WHAT TO WORK ON
The entries below contain a stretch that opens with the line containing "Линьцан: 7 Days" and closes with the line containing "Adoexpo reconoce a"; set down that stretch exactly, both ends included, and nothing else.

DATA FOR REVIEW
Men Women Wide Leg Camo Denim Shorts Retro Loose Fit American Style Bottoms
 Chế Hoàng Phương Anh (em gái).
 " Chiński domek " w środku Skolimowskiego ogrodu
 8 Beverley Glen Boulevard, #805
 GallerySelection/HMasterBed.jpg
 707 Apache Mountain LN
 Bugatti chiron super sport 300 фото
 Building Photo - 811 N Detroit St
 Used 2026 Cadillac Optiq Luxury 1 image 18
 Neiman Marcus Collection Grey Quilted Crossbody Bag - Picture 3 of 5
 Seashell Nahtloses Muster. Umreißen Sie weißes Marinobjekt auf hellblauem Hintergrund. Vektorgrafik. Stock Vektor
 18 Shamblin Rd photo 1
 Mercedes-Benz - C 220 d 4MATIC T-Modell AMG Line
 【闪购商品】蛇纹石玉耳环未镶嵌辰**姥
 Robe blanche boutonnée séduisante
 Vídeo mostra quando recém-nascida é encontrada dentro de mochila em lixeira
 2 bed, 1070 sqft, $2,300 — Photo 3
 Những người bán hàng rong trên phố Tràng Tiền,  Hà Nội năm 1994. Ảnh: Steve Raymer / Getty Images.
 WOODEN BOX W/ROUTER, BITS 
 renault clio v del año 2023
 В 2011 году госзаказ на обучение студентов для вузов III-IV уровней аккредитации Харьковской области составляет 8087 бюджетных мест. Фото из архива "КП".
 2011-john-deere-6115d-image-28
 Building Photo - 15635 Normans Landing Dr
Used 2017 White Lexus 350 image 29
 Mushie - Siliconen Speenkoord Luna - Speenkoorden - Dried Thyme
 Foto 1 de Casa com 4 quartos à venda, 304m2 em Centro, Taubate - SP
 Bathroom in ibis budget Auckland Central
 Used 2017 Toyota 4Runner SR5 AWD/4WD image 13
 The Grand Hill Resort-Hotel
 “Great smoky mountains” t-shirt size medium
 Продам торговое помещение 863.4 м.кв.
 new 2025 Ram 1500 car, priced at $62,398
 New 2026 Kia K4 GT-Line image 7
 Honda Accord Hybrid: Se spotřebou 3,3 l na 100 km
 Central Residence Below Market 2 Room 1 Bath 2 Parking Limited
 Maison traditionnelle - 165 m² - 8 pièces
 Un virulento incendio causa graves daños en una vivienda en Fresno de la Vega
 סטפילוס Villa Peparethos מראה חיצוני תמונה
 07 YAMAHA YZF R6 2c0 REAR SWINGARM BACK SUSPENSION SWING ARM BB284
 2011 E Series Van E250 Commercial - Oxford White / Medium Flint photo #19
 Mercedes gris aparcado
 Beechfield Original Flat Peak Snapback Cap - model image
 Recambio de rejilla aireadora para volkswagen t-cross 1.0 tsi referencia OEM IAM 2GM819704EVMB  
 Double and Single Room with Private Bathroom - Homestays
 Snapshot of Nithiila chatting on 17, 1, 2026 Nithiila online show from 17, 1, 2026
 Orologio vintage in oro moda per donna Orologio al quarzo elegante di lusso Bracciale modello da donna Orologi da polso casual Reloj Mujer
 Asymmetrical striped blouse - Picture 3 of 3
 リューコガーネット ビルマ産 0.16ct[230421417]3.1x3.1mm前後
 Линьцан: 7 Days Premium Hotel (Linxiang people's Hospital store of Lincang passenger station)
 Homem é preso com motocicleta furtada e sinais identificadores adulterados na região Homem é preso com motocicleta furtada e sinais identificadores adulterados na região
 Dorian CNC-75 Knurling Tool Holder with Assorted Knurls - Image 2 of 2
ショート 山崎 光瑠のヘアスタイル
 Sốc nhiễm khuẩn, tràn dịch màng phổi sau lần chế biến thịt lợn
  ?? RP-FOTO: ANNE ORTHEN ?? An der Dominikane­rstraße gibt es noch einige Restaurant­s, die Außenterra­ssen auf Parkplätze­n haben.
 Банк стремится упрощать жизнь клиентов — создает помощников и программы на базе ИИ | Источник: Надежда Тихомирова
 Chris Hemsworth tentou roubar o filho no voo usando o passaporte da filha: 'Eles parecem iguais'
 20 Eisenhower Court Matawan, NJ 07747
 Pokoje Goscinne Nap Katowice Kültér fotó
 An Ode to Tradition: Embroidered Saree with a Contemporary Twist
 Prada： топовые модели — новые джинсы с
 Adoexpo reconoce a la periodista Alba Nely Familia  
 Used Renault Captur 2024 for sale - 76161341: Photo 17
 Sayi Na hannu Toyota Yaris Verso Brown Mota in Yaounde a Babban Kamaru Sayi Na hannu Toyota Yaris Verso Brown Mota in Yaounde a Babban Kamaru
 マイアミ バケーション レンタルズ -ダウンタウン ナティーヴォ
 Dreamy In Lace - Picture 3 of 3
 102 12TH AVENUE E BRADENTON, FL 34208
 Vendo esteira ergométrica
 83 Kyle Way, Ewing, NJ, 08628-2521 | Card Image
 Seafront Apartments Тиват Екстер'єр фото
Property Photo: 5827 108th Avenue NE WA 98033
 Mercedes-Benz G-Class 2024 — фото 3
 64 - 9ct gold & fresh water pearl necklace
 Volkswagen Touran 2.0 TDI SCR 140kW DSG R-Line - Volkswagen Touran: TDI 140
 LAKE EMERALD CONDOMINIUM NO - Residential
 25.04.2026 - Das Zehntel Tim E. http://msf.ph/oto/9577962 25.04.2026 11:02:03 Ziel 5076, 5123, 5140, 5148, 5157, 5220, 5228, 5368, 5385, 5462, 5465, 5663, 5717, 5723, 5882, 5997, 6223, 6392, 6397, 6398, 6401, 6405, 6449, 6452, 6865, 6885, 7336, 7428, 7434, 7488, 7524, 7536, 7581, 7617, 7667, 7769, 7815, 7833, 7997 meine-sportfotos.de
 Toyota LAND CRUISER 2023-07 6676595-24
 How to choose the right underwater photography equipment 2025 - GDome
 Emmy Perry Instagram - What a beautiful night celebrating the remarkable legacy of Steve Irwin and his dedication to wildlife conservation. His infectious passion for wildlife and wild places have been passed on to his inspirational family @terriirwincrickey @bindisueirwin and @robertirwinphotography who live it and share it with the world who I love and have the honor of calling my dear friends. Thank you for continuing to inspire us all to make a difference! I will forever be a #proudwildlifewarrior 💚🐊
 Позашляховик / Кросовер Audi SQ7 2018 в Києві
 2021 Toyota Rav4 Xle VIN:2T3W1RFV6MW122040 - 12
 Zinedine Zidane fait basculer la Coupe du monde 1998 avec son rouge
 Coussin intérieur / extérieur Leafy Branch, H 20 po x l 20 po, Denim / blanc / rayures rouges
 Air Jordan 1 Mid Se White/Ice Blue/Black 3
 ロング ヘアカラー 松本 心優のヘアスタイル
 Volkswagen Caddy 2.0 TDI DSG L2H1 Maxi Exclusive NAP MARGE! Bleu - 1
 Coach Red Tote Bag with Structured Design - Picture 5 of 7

EXERCISE OUTPUT
 Линьцан: 7 Days Premium Hotel (Linxiang people's Hospital store of Lincang passenger station)
 Homem é preso com motocicleta furtada e sinais identificadores adulterados na região Homem é preso com motocicleta furtada e sinais identificadores adulterados na região
 Dorian CNC-75 Knurling Tool Holder with Assorted Knurls - Image 2 of 2
ショート 山崎 光瑠のヘアスタイル
 Sốc nhiễm khuẩn, tràn dịch màng phổi sau lần chế biến thịt lợn
  ?? RP-FOTO: ANNE ORTHEN ?? An der Dominikane­rstraße gibt es noch einige Restaurant­s, die Außenterra­ssen auf Parkplätze­n haben.
 Банк стремится упрощать жизнь клиентов — создает помощников и программы на базе ИИ | Источник: Надежда Тихомирова
 Chris Hemsworth tentou roubar o filho no voo usando o passaporte da filha: 'Eles parecem iguais'
 20 Eisenhower Court Matawan, NJ 07747
 Pokoje Goscinne Nap Katowice Kültér fotó
 An Ode to Tradition: Embroidered Saree with a Contemporary Twist
 Prada： топовые модели — новые джинсы с
 Adoexpo reconoce a la periodista Alba Nely Familia  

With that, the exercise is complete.